Obsesivo en la composición y afilado en la búsqueda de las palabras exactas, tanto en 1971 como en su continuación, Diarios -también con arreglos y producción de Senperena-, las letras de Rafael Berrio van envueltas de una pátina existencialista pero, a la vez, guardan un punto irónico: al borde de la carcajada, haciendo que esa ironía funcione como un escudo protector.
Nunca alcanzó el éxito masivo, pero sí era muy valorado por un público fiel. A partir de la publicación de su álbum, 1971, tuvo un mayor reconocimiento, pero prefirió mantenerse al margen. En esta entrevista en RTVE, a propósito de la buena acogida de ese álbum: «Es un halago, pero mi intención es hacer canciones. Una canción perfecta es lo que quiero hacer, tengo esa secreta ambición. No me importa especialmente la crítica, ni la buena, ni la mala, prefiero ir a lo mío: a por esa canción».
Con Simulacro, posiblemente lo consiguió:
Temo haber vivido mi vida como si ello fuera un simulacro.
Como si yo tuviera el don de vivir por mí dos veces.
De haber dejado a un lado la que importa en prenda de una vez futura,
y haber malgastado en borradores la presente.
De no saber que la vida sucede a medida que sucede,
y que no hay una vida en serio y otra vida de licencia.
Que cada ensayo, cada error, en suma, forman
las constantes y variables del álgebra de la existencia.
Y en esa ecuación que es cosa resuelta estamos.
Esbozada débilmente en el margen de un folio en blanco.
Siento no haber sido tan audaz de un trazo algo más firme.
De haber perdido un tiempo de oro en pruebas y en ensayos.
Y ahora es tarde,
algo tarde.
Pues temo ir ya malherido.
Temo haberme consumido
como si yo
tuviera el don
de vivir dos veces.
Temo haber vivido mi vida como si ello fuera un simulacro.
Y he sido un mal actor confiando en la noche del estreno.
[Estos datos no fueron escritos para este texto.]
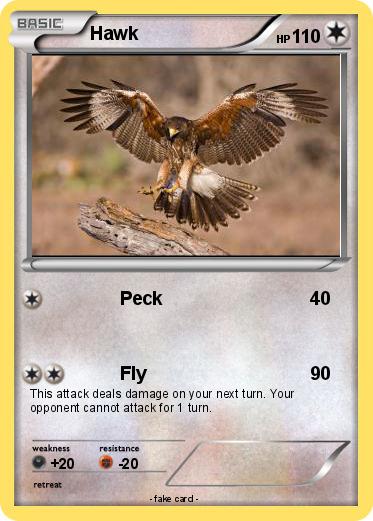 Pokemon Hawk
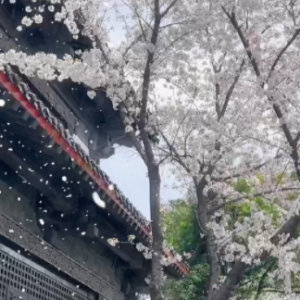 ���˰��ؿ�һ���ѻ����������һ�������Ҹ�����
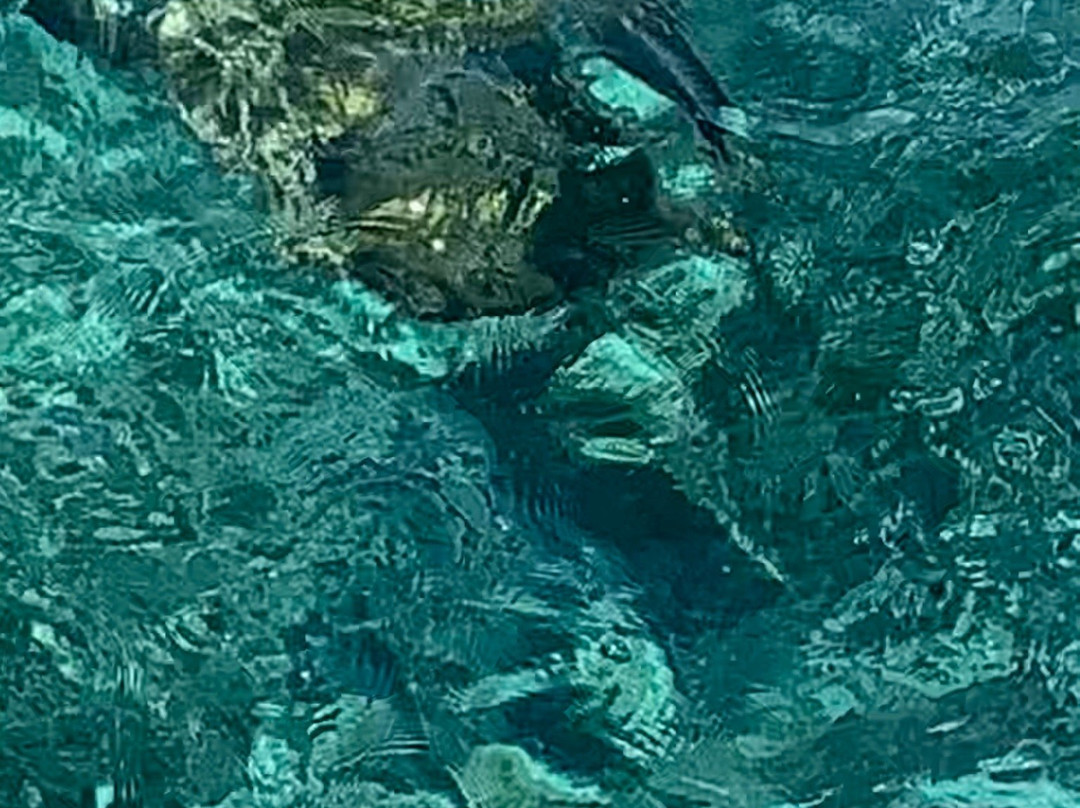 Ningaloo Marine Park-珊瑚湾必去景点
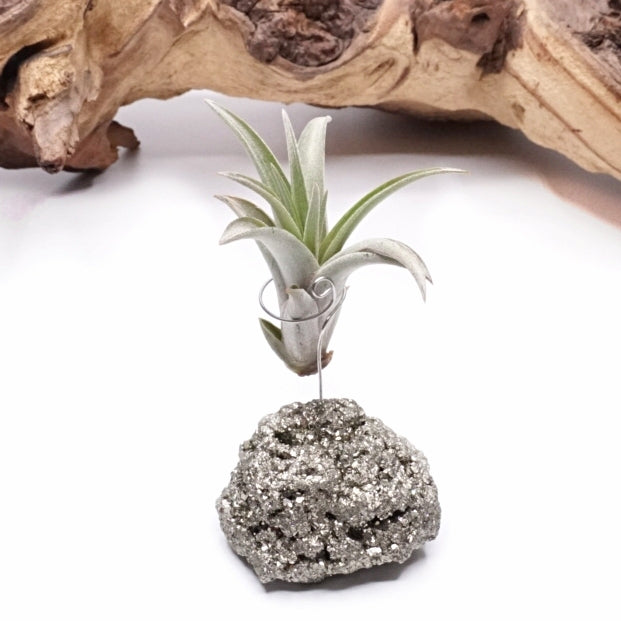 Pyrite Crystal Airplant Holder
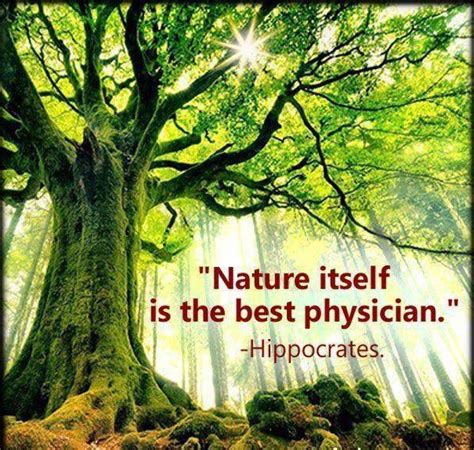 Nature Health and Healing - Nature Health and Healing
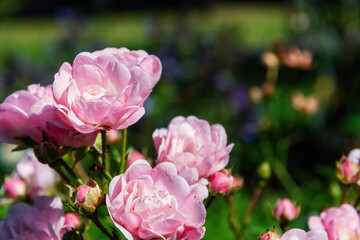Delicate pink roses in full bloom, showcasing their soft petals and buds. Beauty of nature in a serene and peaceful setting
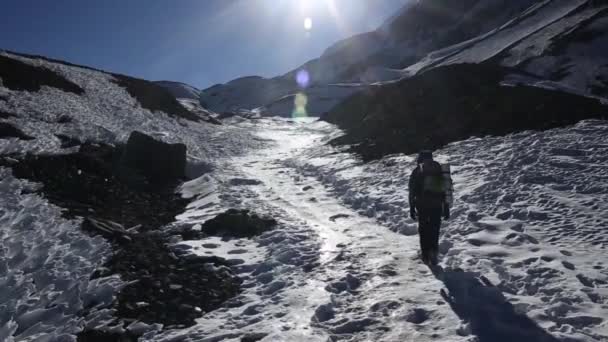 Senderista en la caminata en el Himalaya — Vídeos de Stock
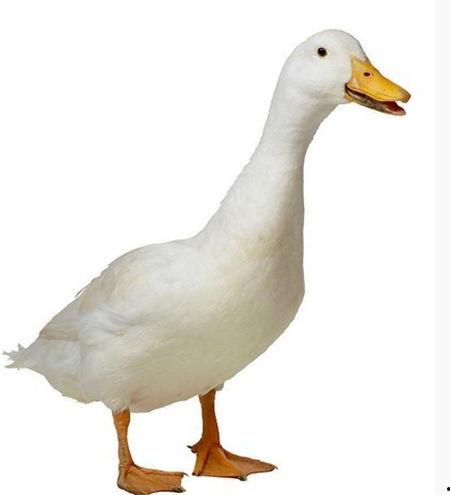 娱乐吃瓜鹅鸭视频,鹅鸭视频带你领略娱乐圈新鲜趣事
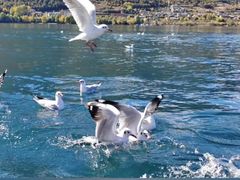 -丽江泸沽湖景区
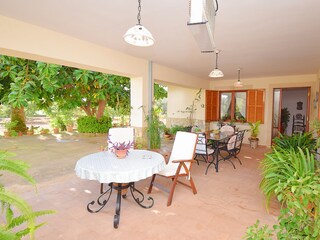 Cottage Búger Outdoor Recording 10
Pero qué vida será la que prolongue o dé segundas funciones,
si en ella todo es rol improvisado y relleno.
Temo haberme pasado la vida reuniendo el valor que me falta,
y declarando intenciones solemnes frente a un espejo.
Dejando las cosas para una mejor ocasión que no llega.
En el fondo he estado siempre en babia y con la mente muy lejos.
Temo haber vivido mi vida como si ello fuera un simulacro.
Como si yo tuviera el don de vivir por mí dos veces.
De haber dejado a un lado la que importa en prenda de una vez futura,
y haber malgastado en borradores la presente.
La tertulia errante. Reproducción del cuadro de Detritus de la reunión semanal de literatos y músicos donostiarras, que cada miércoles se juntaban en el Tedone.
De izquierda a derecha, Rafael Berrio, Pablo Casares, Karmelo Iribarren, Jon Obeso, José Manuel Puerto, Diego Vasallo, Joserra Senperena, Emilio Varela, Ramón Eder, Juan Manuel Uría y Javier Aguirre.